Non esiste altro paese europeo così bloccato da restrizioni all’accesso, regimi di concessione, barriere legali e famigliari, veri e propri blocchi corporativi come l’Italia.
Non basta liberalizzare gli orari dei negozi (peraltro, i commercianti sinora sono tra i pochi ad avere conosciuto vere liberalizzazioni…). E rafforzare i poteri dell’autorità garante per la concorrenza è condizione necessaria ma non sufficiente per un mercato libero ed efficiente.

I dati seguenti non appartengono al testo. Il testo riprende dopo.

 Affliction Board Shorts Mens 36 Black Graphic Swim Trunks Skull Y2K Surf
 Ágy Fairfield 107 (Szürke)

Il primo elenco delle cose da fare o da completare è noto: ci aspettiamo che il governo ricominci (bene) dall’opera ancora incompiuta. Innanzitutto frequenze radiotelevisive, ordini professionali, energia e gas, autostrade, farmacie. I taxi? Problema soprattutto di Milano e Roma. Battaglia simbolica sinora persa, (anche a Parigi, Jacques Attali ne sa qualcosa…), ma che va di nuovo combattuta. Attraverso queste prime vere liberalizzazioni, dobbiamo condurre una battaglia più dura, culturale e sociale. Dobbiamo smettere di piegarci agli interessi particolari di questa o quella oligarchia o corporazione; di quel beneficiario di concessione pubblica nazionale o locale (vedi autostrade, ma vedi anche le migliaia di società a partecipazione pubblica locali…); dobbiamo liberarci dal loro potere di condizionamento e fare ciò che dovremmo fare sempre: l’interesse generale del paese.
Inutile parlare di riforme per la crescita a “costo 0”, di merito, di giovani se consentiamo che nel nostro paese si vada avanti per via ereditaria, come già accadeva nel Medioevo. Oggi le corporazioni dichiarate sono almeno 28, contano 2 milioni di iscritti. Certo, la ricerca di consenso immediato sconsiglierebbe interventi troppo radicali. Ma questa mancanza di coraggio e di senso dell’interesse generale ha già provocato troppi danni nel nostro paese. Non è più tollerabile. Il governo conosce bene questa realtà ed ha ancora la possibilità di intervenire con nettezza e radicalità.
Certamente, gli ordini, le concessioni, le restrizioni alla libera concorrenza esistono anche in Germania, in Francia, in Spagna, in Portogallo…Ma in nessun paese le regole sono pesanti e complesse come in Italia, senza peraltro assicurare un maggior rispetto delle regole deontologiche proprie della libera professione o una maggior soddisfazione degli utenti.
È stato paradossale, del resto, vedere esponenti importanti del Pdl agitarsi a Roma e a Bruxelles e usare i consumatori (e la salute dei cittadini) come veri e propri scudi umani per proteggere la lobby dei farmacisti. Per questo, d’altra parte, noi democratici – assieme ai radicali – siamo gli unici veri sostenitori delle liberalizzazioni: perché in Italia liberalizzare vuole dire fare giustizia sociale e combattere privilegi ed egoismi. E per questo dobbiamo proseguire questa lotta senza esitazioni ed evitando di scivolare su questo o quell’albo come è accaduto anche di recente alla camera.
Dovremmo invece usare un metodo molto netto: invertire l’onere della prova. Cioè affermare che tutte le restrizioni sono abolite tranne quelle che vengono motivate e giustificate come necessarie nell’interesse generale. Il presidente del consiglio conosce molto bene queste realtà. Nel suo rapporto sul completamento del mercato unico europeo indicava che i servizi valgono il 70% del Pil europeo, sono il principale fattore di attrazione degli investimenti diretti esteri, una loro piena liberalizzazione ha un potenziale che varia tra i 60 miliardi e i 140 miliardi di euro, porterebbe ad un aumento dell’1,5% del Pil europeo (e probabilmente del 3% in Italia); ma ciò richiede decisioni coraggiose per eliminare i troppo ostacoli legislativi e burocratici ancora esistenti nei vari paesi europei. Esistenti soprattutto in Italia.
Da oggi abbiamo un’impellente necessità – e una grande opportunità – : che il presidente Mario Monti applichi gli insegnamenti del professor Mario Monti. Lo sostenevamo ieri in Europa. Se Monti farà Monti, lo sosteremmo ancora di più oggi in Italia.